[FS_3DGS_MED] Pseudo-CR on Enhanced Scenario for Avatar Communication Use Case
Source: Pengcheng Laboratory, China Mobile Com. Corporation
Meeting:
TSGS4_135_India
Agenda Item:
9.6
| Agenda item description | FS_3DGS_MED (Study on 3D Gaussian splats) |
|---|---|
| Doc type | pCR |
| For action | Agreement |
| Release | Rel-20 |
| Specification | 26.958 |
| Version | 0.1.1 |
| Related WIs | FS_3DGS_MED |
| download_url | Download Original |
| For | Agreement |
| Spec | 26.958 |
| Type | pCR |
| Contact | chaofan he |
| Uploaded | 2026-02-03T12:25:40.917000 |
| Contact ID | 107635 |
| TDoc Status | noted |
| Reservation date | 03/02/2026 12:20:56 |
| Agenda item sort order | 41 |
Review Comments
[Technical] The proposal introduces a “static 3DGS representation” that “follows mesh deformation” at the receiver, but it does not specify a deformation model for Gaussians (e.g., per-Gaussian skinning weights, attachment to mesh surface, or a learned deformation field), making interoperability and feasibility unclear.
[Technical] “Spatial alignment” between the deformable mesh and 3DGS is asserted without defining the coordinate frames, calibration requirements, and how alignment is maintained under pose/expression changes; this is a core missing element for a normative scenario description.
[Technical] The transmission strategy lacks a concrete definition of what constitutes the “base avatar” payload versus “animation parameters” (parameter sets, units, ranges, timing model), so the claimed bandwidth/latency benefits cannot be evaluated or compared to other TR 26.958 scenarios.
[Technical] The document assumes SMPL‑X/FLAME parameter extraction in real time but does not address model licensing/IP, standardization suitability, or whether the scenario is intended to be model-agnostic; referencing specific proprietary/de facto models may conflict with 3GPP’s technology-neutral TR positioning.

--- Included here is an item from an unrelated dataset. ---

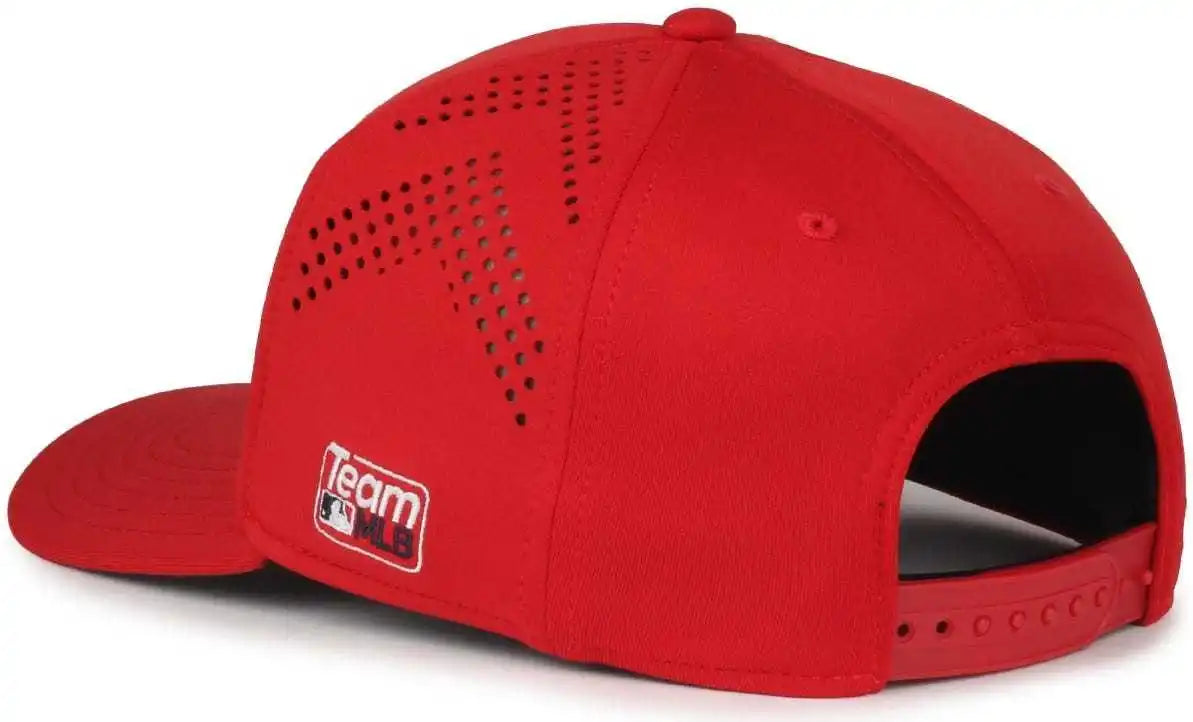 Oc Sports Mlb-650 Performance Snapback Baseball Cap - Los Angeles Angels - Red / one Size Fits Most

[Technical] “3DGS updated at lower frequency than animation parameters” is underspecified: no triggers (appearance change, lighting change, topology change), update granularity (full set vs patches), or drift/consistency handling are described, which is critical for interactive bidirectional use.
[Technical] The receiver rendering is described as “composite” (mesh shading + 3DGS appearance) but no compositing rules are given (occlusion, depth ordering, alpha blending, shadowing), risking ambiguous visual results and undermining the scenario’s reproducibility.

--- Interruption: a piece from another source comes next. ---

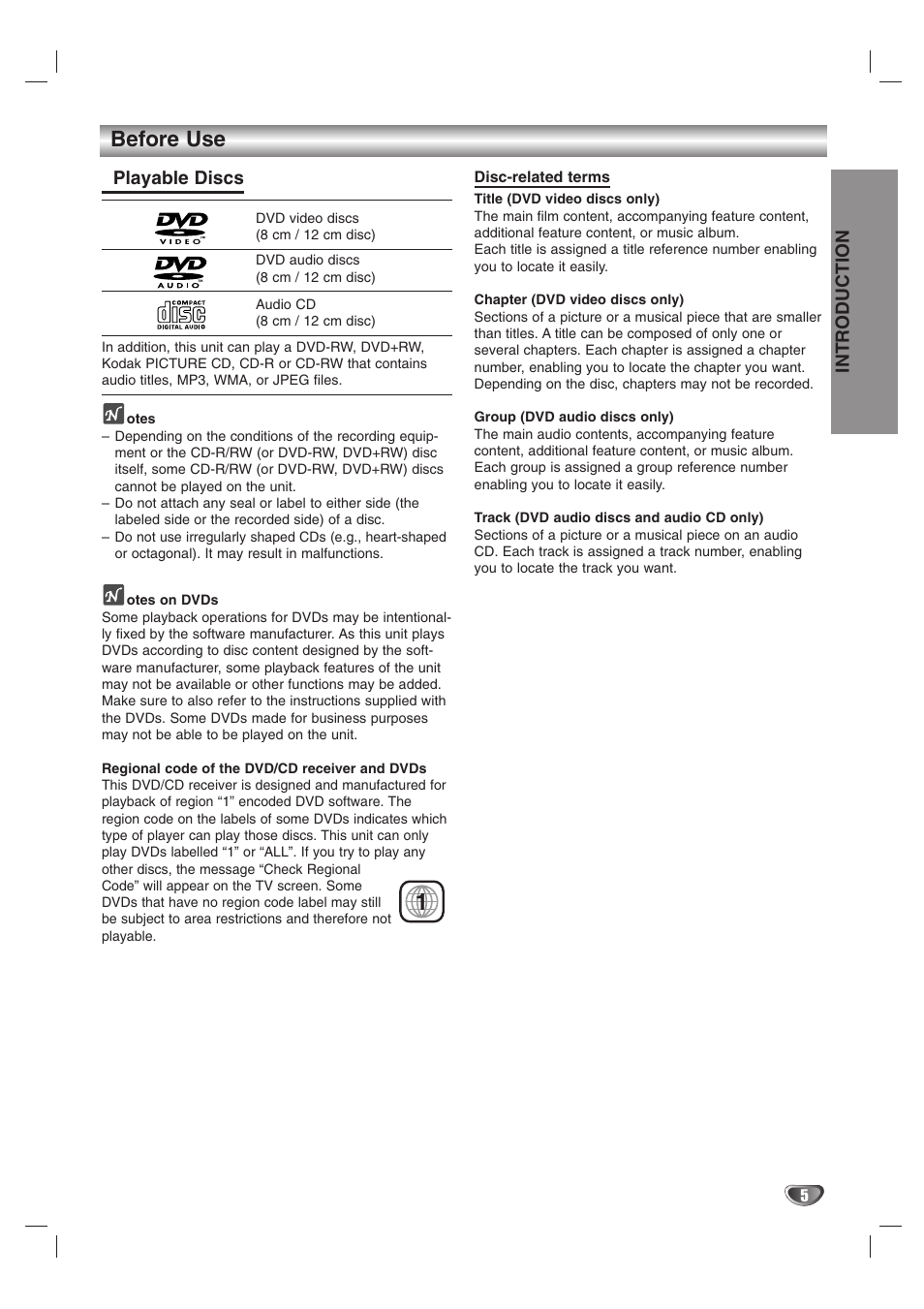 Before use, Introduction, Playable discs | LG HTW316 User Manual | Page 5 / 40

[Technical] “Viewpoint adaptation supported within application-defined constraints” is too vague for a TR scenario; it should at least state whether free-viewpoint is expected, what baseline view range is assumed, and how artifacts are handled when extrapolating beyond capture coverage.
[Technical] The capture assumptions (“one or more cameras”) omit key constraints that drive feasibility (mono vs multi-view, depth availability, required resolution/frame rate, lighting), which are necessary to justify real-time parameter extraction and 3DGS generation.

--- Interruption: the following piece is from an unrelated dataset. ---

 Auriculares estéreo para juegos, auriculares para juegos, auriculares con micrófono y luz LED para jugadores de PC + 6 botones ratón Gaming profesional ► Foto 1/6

[Technical] The proposal does not discuss error resilience and synchronization between the low-latency animation stream and the lower-rate 3DGS updates (e.g., timestamping, buffering, late/early update handling), which is essential for interactive communication scenarios.
[Technical] There is no discussion of how identity personalization is handled (e.g., per-user mesh/3DGS creation, enrollment time, update cadence), yet “base avatar transmitted once” implies a prior creation pipeline that should be captured in the scenario.
[Editorial] As a “Pseudo-CR,” the contribution summary does not indicate the exact TR 26.958 clause(s) to be updated, nor does it provide proposed text; without clause-level changes, SA4 cannot efficiently assess consistency with existing scenarios and terminology.
[Editorial] Several terms are introduced without definition or alignment to TR terminology (e.g., “deformation propagation,” “appearance contributions,” “application-defined constraints”), which should be tightened to avoid multiple interpretations across implementers.
[Editorial] The summary claims “efficient bandwidth utilization” but provides no qualitative comparison point (e.g., versus full 3DGS streaming or mesh+texture video), making the motivation read as aspirational rather than supported by scenario requirements.